> **ABOUT THIS TASK**: Retype only the lines running from the beginning of the entries below to the line with "Vintage Woodcut Illustration", both included. Do not include pictures.

*** Block opens ***

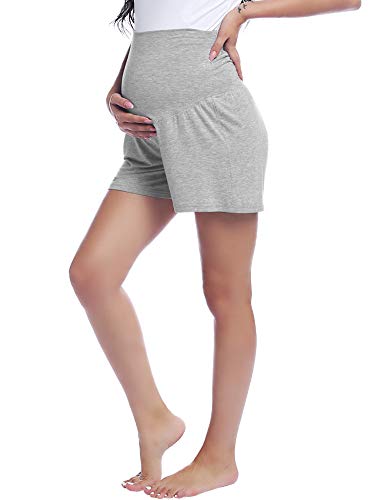 Joyaria Bamboo Viscose Cooling Maternity Pajama Shorts,Maternity Clothes - color: Gray, size: Medium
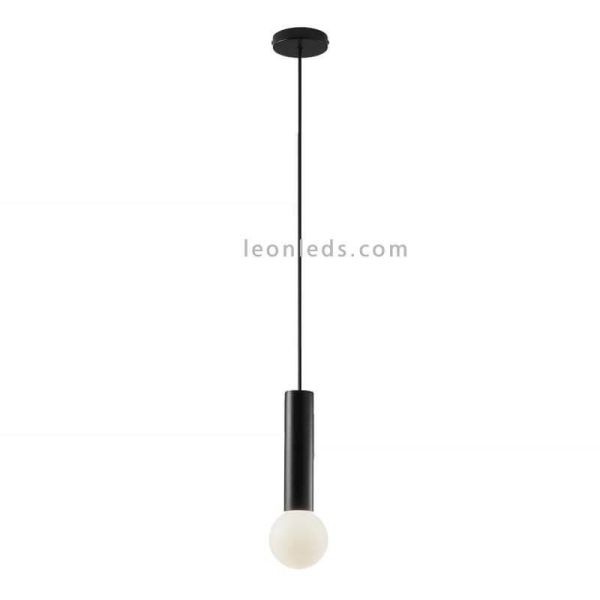 Suspension E14 Mist en acier et verre noir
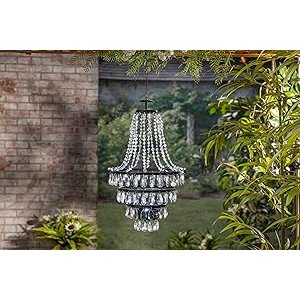 Solar Outdoor Chandelier 4-Light 19-Inch Metal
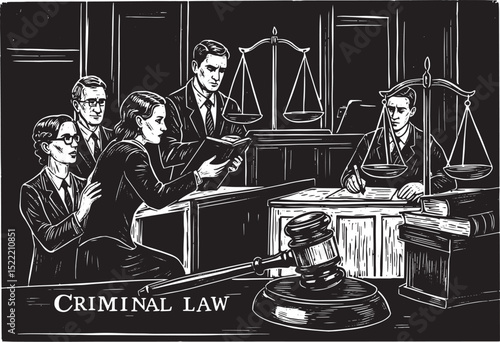 Vintage Woodcut Illustration Depicting Criminal Law Proceedings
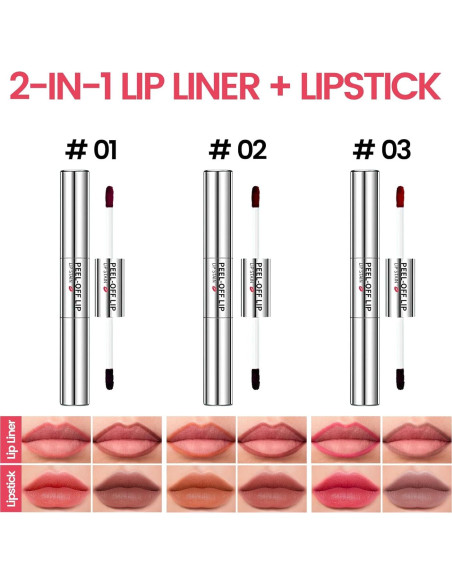 Tinte de Labios Peel Off HOSAILY Doble Cara Impermeable 4.2g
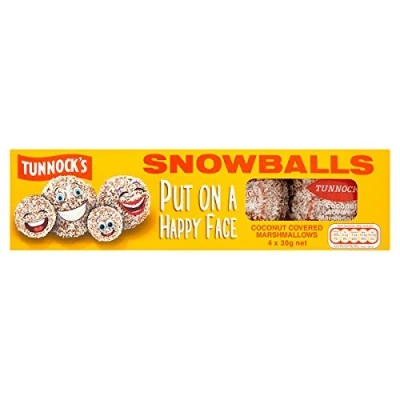 Abbildung von Tunnock des Schneeball Coconut Covered Marshmallows 4 x 30g (120g) (Packung mit 12 4s)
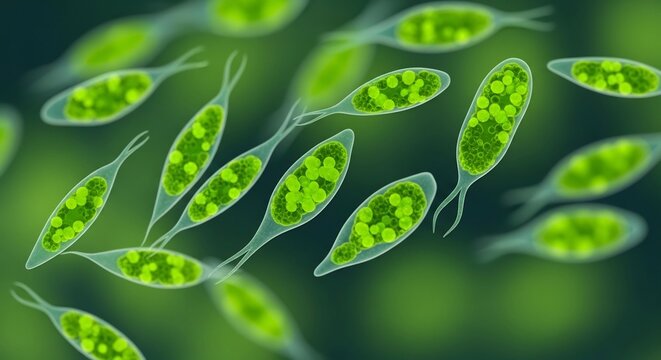 Microscopic green algae swimming in dark aquatic environment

*** Block closes ***

> **EXPECTED OUTPUT**:
 Joyaria Bamboo Viscose Cooling Maternity Pajama Shorts,Maternity Clothes - color: Gray, size: Medium
 Suspension E14 Mist en acier et verre noir
 Solar Outdoor Chandelier 4-Light 19-Inch Metal
 Vintage Woodcut Illustration Depicting Criminal Law Proceedings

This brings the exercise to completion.